18 марта 1950 96. Весна, или Тонкость соблазнаСама запечатленность, удвоенная тонкостью соблазна, Весна уже одолела смерть и уронила первые капли своей зеленой крови. «Украшенное лентами и тканями ярких цветов, — пишет Фрэзер о первобытных обрядах встречи весны в „Золотой ветви“, — воздетое на длинном шесте изображение смерти с песнями и криками приносят на самое высокое место в округе, где снимают с него праздничные наряды и скатывают чучело с холма. Одна из девушек надевает сброшенные одежды, и процессия следом за ней возвращается в селение. В некоторых местах чучело закапывают в землю на краю поля, которое пользуется дурной славой, в других — бросают в реку». У нас весна — тоже ключевое событие года, но одолевает она не смерть, а ту мгновенную заминку, пока ее дух еще медлит в разлапой листве и прозрачных сумерках. В окружении вечной Весны наша, главная, начинается с выкрутасов ушастого зверька, когда стекло разводит на полу веранды попугайчатую призматическую чащу. Говорливые птицы-свечки снова ныряют в очаг, из которого брызнули; колибри, вдохнув медвяный пестиковый настой, разлетаются в клочья, но торжественный и гордый дух воды гонит волну за волной, перебеляя письмена, запечатленные в глубинах.
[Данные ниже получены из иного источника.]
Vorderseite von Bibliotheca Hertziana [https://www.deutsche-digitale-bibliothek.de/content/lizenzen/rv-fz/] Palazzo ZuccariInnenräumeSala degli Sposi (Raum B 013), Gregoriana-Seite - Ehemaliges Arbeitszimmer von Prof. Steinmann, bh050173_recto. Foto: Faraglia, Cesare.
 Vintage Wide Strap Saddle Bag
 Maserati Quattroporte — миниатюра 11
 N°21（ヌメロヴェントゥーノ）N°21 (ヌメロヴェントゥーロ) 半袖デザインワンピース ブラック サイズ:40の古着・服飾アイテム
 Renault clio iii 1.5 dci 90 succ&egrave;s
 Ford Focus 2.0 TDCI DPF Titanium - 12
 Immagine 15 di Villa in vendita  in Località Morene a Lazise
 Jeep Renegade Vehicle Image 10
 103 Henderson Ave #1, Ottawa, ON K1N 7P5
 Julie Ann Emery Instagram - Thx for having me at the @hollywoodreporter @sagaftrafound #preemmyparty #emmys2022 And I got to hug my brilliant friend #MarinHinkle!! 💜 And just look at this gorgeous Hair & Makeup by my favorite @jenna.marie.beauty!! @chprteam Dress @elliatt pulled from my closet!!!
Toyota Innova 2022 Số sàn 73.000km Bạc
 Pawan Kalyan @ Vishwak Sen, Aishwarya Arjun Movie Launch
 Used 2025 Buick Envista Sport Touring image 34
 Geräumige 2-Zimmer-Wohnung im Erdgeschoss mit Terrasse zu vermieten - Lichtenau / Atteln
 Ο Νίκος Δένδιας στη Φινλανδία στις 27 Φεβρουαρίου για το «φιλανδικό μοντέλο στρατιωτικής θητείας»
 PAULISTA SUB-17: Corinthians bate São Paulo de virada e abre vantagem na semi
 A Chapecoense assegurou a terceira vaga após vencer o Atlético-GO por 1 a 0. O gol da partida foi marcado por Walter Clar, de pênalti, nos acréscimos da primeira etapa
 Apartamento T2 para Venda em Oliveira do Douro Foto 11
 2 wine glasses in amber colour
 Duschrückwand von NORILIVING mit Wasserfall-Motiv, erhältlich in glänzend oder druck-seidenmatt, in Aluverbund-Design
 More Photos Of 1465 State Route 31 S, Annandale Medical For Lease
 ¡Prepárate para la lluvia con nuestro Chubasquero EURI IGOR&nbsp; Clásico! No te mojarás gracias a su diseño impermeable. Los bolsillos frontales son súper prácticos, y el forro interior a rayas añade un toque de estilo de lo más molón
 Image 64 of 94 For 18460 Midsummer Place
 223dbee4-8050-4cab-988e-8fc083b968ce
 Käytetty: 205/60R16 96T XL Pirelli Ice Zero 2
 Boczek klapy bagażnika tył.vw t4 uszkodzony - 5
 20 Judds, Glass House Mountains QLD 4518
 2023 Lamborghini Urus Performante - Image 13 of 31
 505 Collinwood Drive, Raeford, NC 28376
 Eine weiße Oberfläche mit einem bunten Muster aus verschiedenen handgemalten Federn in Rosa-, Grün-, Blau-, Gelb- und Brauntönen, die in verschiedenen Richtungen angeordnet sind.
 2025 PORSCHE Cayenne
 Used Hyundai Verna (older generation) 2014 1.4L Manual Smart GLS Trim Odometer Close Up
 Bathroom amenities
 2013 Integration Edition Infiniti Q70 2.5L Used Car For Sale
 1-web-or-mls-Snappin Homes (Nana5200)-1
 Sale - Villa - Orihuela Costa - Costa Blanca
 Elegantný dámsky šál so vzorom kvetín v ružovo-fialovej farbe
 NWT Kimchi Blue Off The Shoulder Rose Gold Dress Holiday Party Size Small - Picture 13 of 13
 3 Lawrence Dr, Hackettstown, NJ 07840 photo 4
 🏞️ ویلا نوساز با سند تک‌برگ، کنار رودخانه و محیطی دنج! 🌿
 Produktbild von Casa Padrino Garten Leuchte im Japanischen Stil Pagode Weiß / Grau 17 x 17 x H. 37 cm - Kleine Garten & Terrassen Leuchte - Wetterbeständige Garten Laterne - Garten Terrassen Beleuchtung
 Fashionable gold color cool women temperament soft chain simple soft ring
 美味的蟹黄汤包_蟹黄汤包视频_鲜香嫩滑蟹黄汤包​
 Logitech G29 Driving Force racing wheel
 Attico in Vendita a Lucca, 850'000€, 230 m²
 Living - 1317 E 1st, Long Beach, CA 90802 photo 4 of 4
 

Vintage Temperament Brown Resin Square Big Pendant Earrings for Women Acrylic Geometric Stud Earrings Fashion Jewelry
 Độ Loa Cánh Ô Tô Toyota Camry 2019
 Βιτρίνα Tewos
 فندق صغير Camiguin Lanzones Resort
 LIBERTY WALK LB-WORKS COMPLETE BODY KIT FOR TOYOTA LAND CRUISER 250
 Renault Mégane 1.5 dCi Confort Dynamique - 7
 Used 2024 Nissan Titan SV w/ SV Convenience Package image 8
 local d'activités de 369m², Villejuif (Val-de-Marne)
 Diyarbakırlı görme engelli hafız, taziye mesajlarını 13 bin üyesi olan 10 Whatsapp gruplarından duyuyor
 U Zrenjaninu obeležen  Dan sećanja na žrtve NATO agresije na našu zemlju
И все же какая досада для жителя тропиков — видеть, что Весна в его краю, хлынув поверх классических и непоколебимых времен года, захлестнула своими масштабами и светляками весь круг календаря! Снова с ужасом видеть, как, почти не отличимое от любой другой поры, приходит это главное событие года, разглаживая на листе поблекшую было жилку или восстанавливая чуть усохшую купу в ее идеальном древесном великолепии… Природа у нас возвращается и разворачивается в приметах, которые глушат и слепят, в огнях, испепеляющих и рушащих любые препоны.
Посмотрите для сравнения на Jardin d’Amour[93]{504}, украсивший одну из рукописей Библиотеки Арсенала{505}. Листья и воды, башни и родники как будто сжались, уступая место разговору об Эроте и Венере Анадиомене. Сменяются века, но природа все так же съеживается и умаляется, чтобы не помешать длящейся беседе. А теперь взгляните на почти бодлеровские Lux, calme et volupté[94]{506}, где чувственная умудренность Анри Матисса обобщает и возвышает натуру, чтобы над природой, уменьшенной до сценического задника, царили влюбленные пары и хоры победоносной страсти.
И только у нас в тропиках главный герой — именно природа. Непомерная и вездесущая, она прорывает страницы наших романов. Природе у нас нет дела ни до беседы, ни до часов любви. Наша природа наслаждается горделивым чувством — видеть в человеке еще одну разновидность дерева.